Also, the Soviets were brutal oppressors and stiflers of Liberty. I have spoken to Russian emigres personally. Also, there can be little question that both we and they were playing geopolitical chess during the Cold War and both of us did terrible things and supported terrible people. It certainly appeared as if they wanted to destroy us and our way of life (or more accurately, the relatively free if somewhat impefect lifestyle of the Old American Republic).

Imagine my surprise when we defeated the Soviet Union (or it collapsed on it's own...whatever) only to see us becoming more like it on so many levels in it's absence.

Saddam never scared me because I was informed on the topic, unlike the vast majority of Imperial Amerikan Subjects.

And I'm far more nervous about dying in the Reichsmarschall Ashcroft Memorial Re-Education and Re-Christianization Camps in the Arizona Desert than I am of dying in any terrorist attack.
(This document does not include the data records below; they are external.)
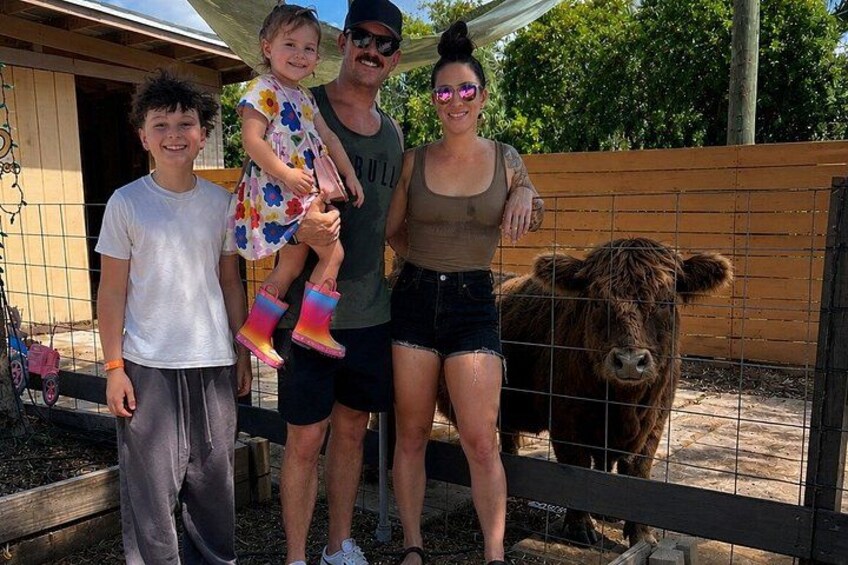 A family with a cow in a fenced enclosure. 3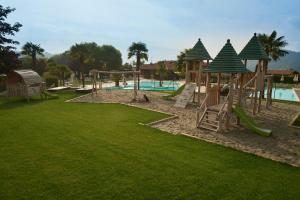 a park with a playground with a slide at Residence La Berna in Tremosine Sul Garda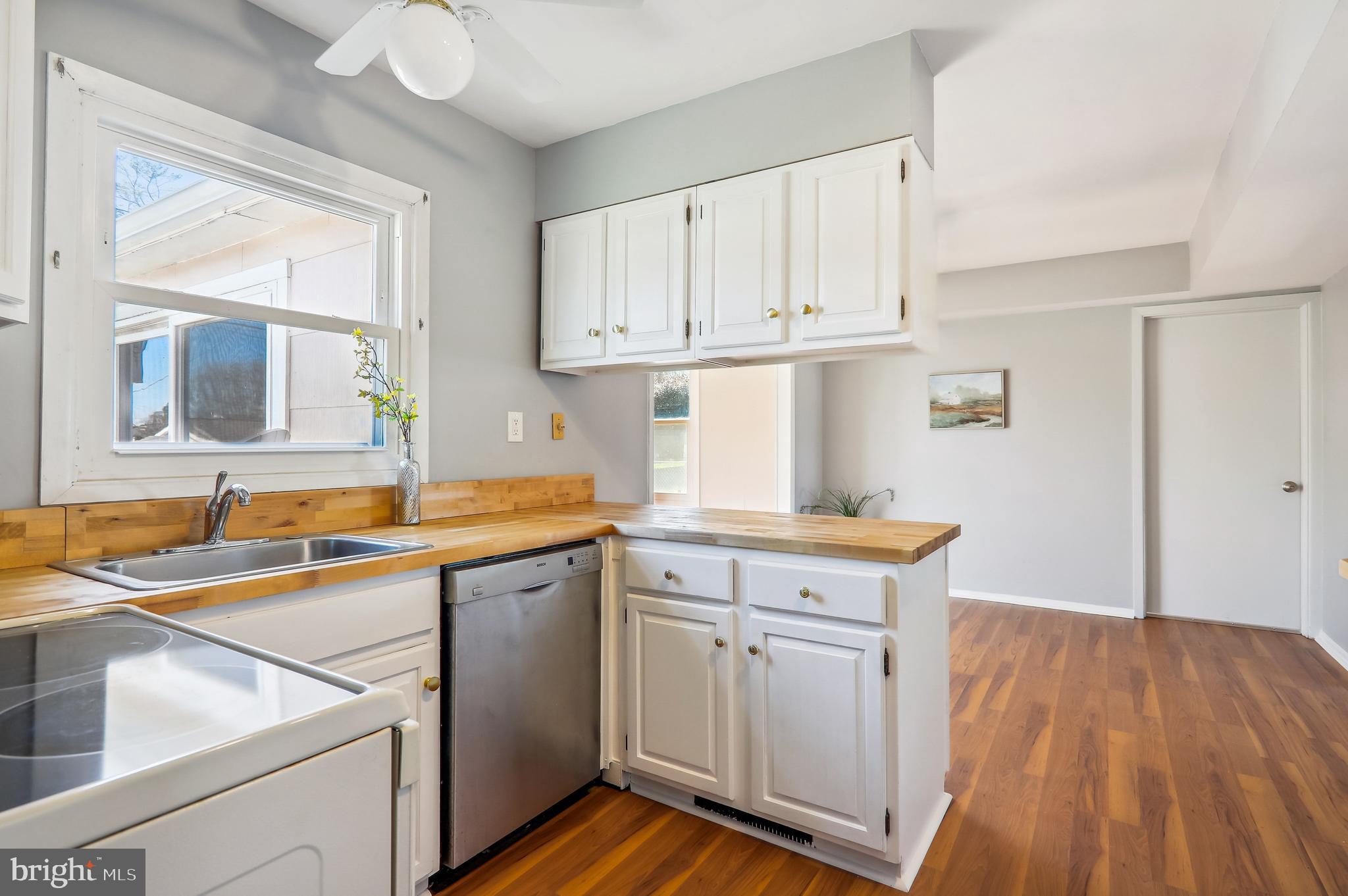 12403 Shawmont Lane Bowie, MD 20715 - Photo 11 of 59 a kitchen with cabinets a sink and appliances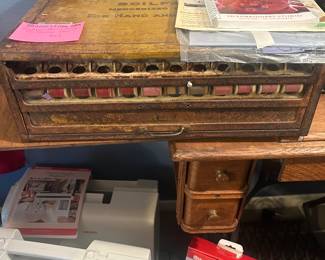 Antique spool cabinet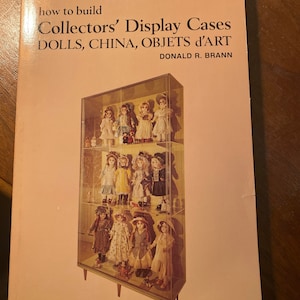 Puede incluir: Un libro titulado "Collectors' Display Cases Dolls, China, Objects d'Art" de Donald R. Brann. La portada del libro presenta una fotografía de una vitrina de vidrio llena de muñecas de porcelana.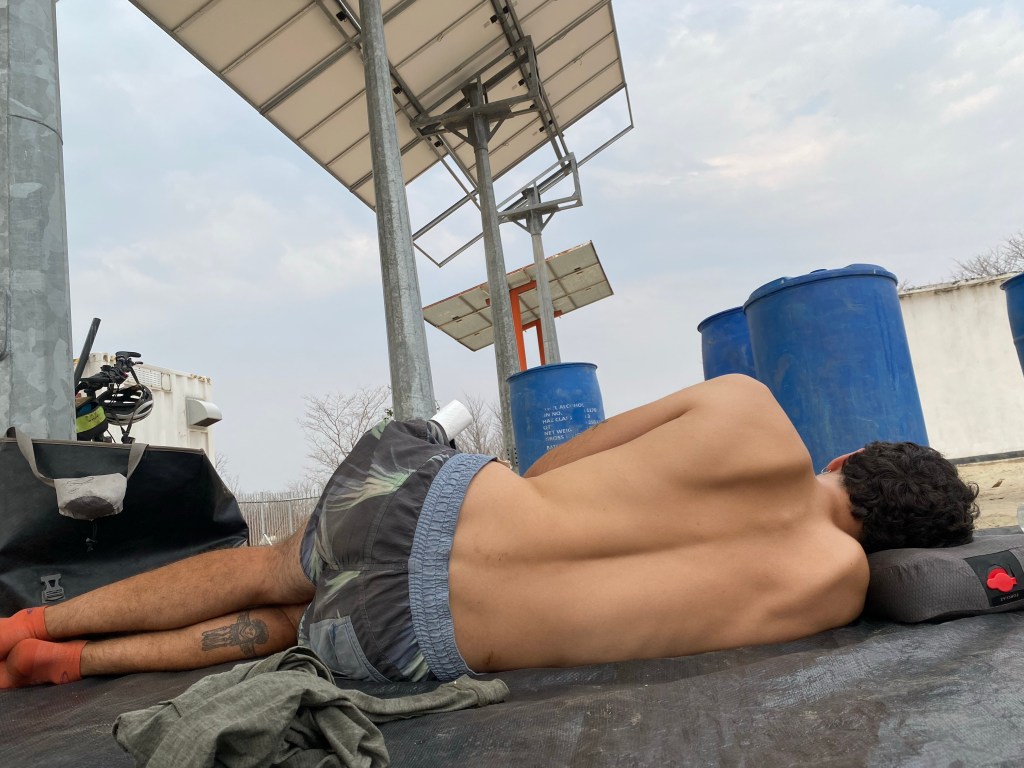 A cyclist having a nap under solar panels in Botswana 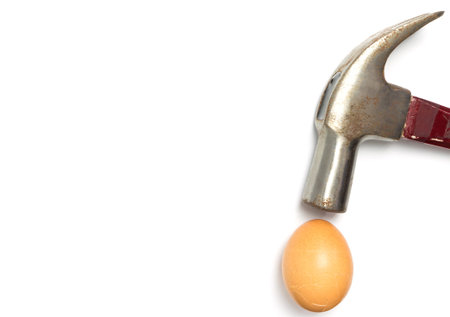 Hammer hitting a cracked egg isolated on white with copy space.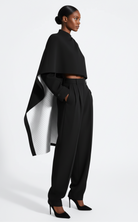 Astra Crop Cape Jacket side view in black, wide sleeve detail, GOLD x TEAL.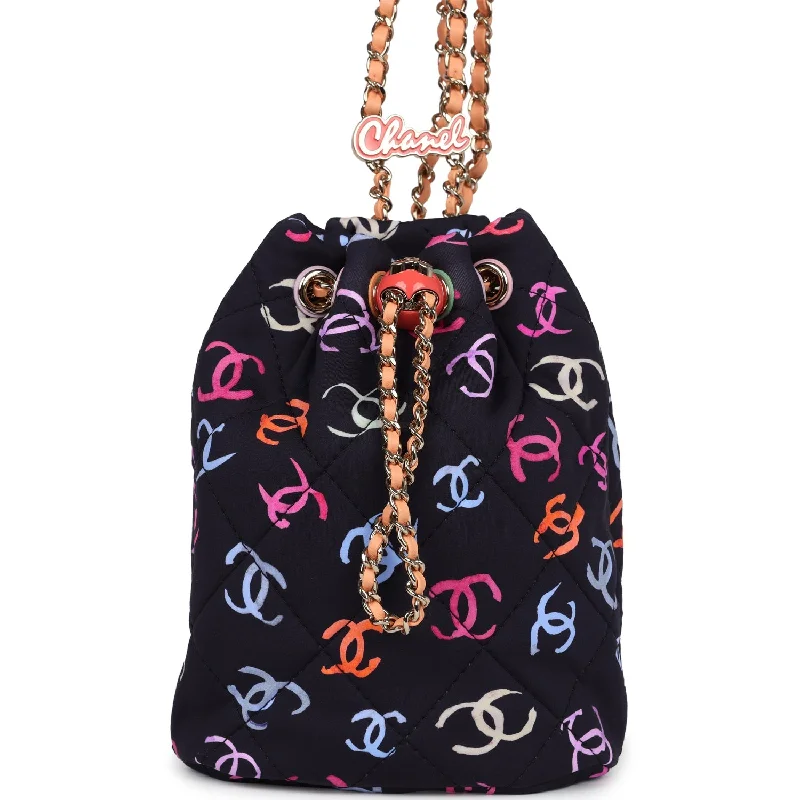 Chanel bags available in bold colors and patternsChanel Medium CC Drawstring Backpack Multicolored Printed Fabric Light Gold Hardware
I believe the Soviet Union was a very real threat. I also believe that we have been affected by their absence more than we realize in what has happened in Amerika without the Soviet Tyranny to point to as it applies to how we shouldn't be.

In other words, without the Soviet Union, Imperial Amerika is now "free" to become a Soviet-style Tyranny, complete with ineffectual, lying State-Controlled Media and of course, the New Amerikan Politikal Korrectness.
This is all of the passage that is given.